Наконец, экзистенциальная ситуация Набокова – это полностью авторская постановка вопроса, абсолютно оригинальная и вне традиций: «Или в самом деле есть уже преступление в том, чтобы как две капли воды походить друг на друга?» Может быть, преступление Германа Карловича, возникший соблазн этого преступления и является не плодом его инициативы, а лишь продолжением (и неизбежным) «преступления» природы, создавшей «две капли воды» в разных Я? Перед такой постановкой вопроса и «воплощения» шопенгауэровской Мировой Воли пасуют. А преступления Германа Карловича и вовсе нет: оно оправдано (и даже неизбежно!) изначально: абсолютное сходство не может сосуществовать – оно обречено на взаимное уничтожение. Вот только если бы прояснился вопрос: а было ли сходство вообще… Но если смотреть за пределы данной конкретной ситуации, обобщая ее принципиально, то встает новый вопрос: не к глобальному ли сартровскому выводу о враждебности человеческого Я себе подобному приходит и Набоков через свою версию двойничества: «Коль скоро я существую, я фактически устанавливаю границу свободы Другого, я и есть эта граница, и каждый из моих проектов очерчивает эту границу вокруг Другого»/ Но тогда и преступление не человеком совершается; оно проистекает из структуры «бытия для себя», из законов самого «существования»…
Полная же беспрецедентность набоковской экзистенциальной ситуации заключается в том, что в подтексте ее все эти планы и традиции совмещаются и существуют одновременно, воплощая явление «игры чудесных сил». Все набоковские иномирия всегда существуют синхронно и одновременно пересекаются. Отсюда эффект чуда: набоковская проза прорывается за пределы ограниченного слова к самой сути явления, в его экзистенциальный эпицентр. Но все указанные аспекты набоковской ситуации характеризуют технологию ее создания. Основная же сущностная характеристика заключается в том, что ситуация никогда не «располагается» в самой жизни, в видимом (и тем более свершившемся) слое бытия. Эта ситуация никогда не была, она только может быть в принципе, как «допуск», как сослагательное «если бы» (в первом абзаце «Отчаяния» писатель и нагнетает сослагательное наклонение). Таким образом, ситуация по-набоковски «игровая», принципиально допустимая, в равной мере и одновременно – возможная и невозможная. Она не фантастическая, но возможна она, скорее, в «игровом проекте» писателя, чем в реальности. Таков способ конструирования ситуации в «Отчаянии», в «Защите Лужина», в «Подвиге» и др.
И тем не менее набоковская ситуация, отличная от толстовски-бунинской, от андреевской и от всех типов авангардной ситуации, экзистенциальна не только по технологии ее конструирования, но по сути, по возможностям отражения в ней сущностей бытия, хотя к отражению жизни писатель никогда не стремится.

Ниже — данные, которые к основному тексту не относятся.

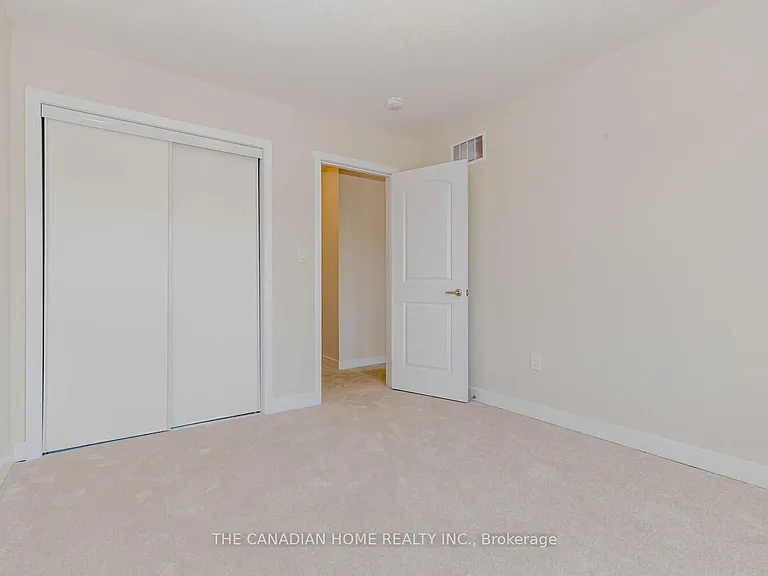 10 Sunflower Cres — Photo 37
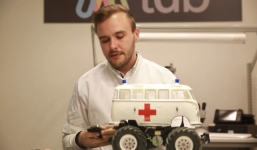 Độc đáo với dịch vụ 'cấp cứu' cho điện thoại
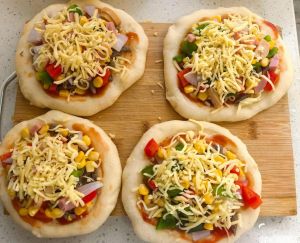 披萨饼怎么做家庭做法_玉米面粉披萨做法，烤箱技巧与快捷版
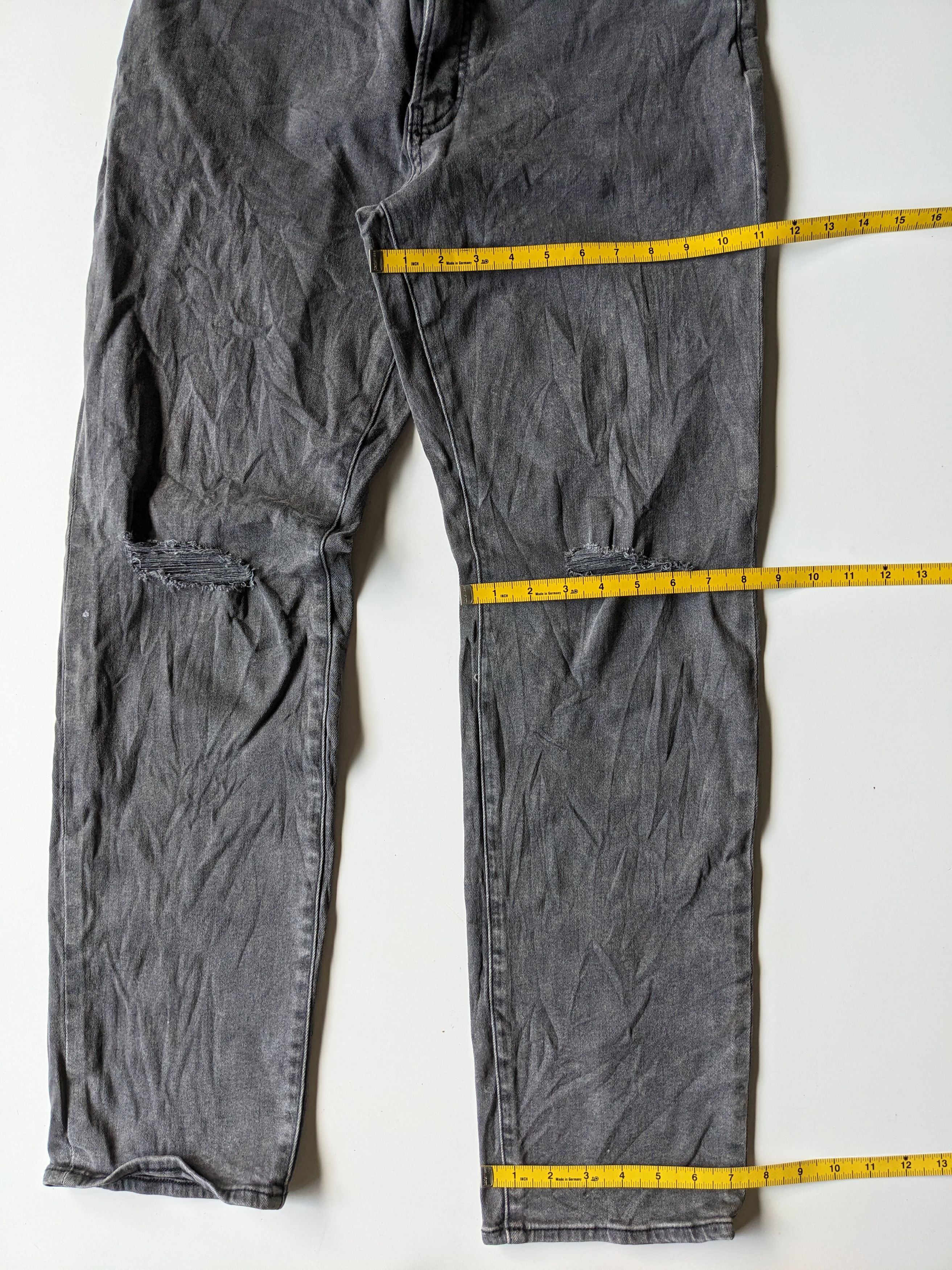 GU × Undercover Gu X Undercover ripped jeans Size US 33 - 8 Thumbnail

Ситуация Набокова фиксирует момент встречи человека с самим собой, момент, когда человек идет навстречу самому себе. Она позволяет выявить психологические первоосновы, минуя традиционный спектр экзистенциальных тем (между жизнью и смертью, перед лицом смерти, свобода, одиночество и отчуждение). В набоковской ситуации человек один на один с собой, с собственной сутью, с потаенным Я, перед лицом этого Я. Но неожиданно отделившееся Я одновременно для набоковского героя становится и тем Другим, который дает возможность самоотражения и самопознания. Здесь кроется и этимология устойчивых эмблем набоковской прозы: зеркало, сон, галлюцинация. В них граница встречи с собой наиболее очевидна: человек одновременно и отчуждается от себя в каждой из трансценденций, и сливается с собой; Я встречается с не-Я. Такая условная, принципиально допустимая игровая ситуация Набокова обнаруживает потаенные, не видимые поверхностному взгляду психологические первоосновы человека ничуть не меньше, чем психологический экзистенциализм Л. Андреева или экзистенциальный реализм Л. Толстого, где элемент экспериментирования, моделирования ситуации тоже присутствовал.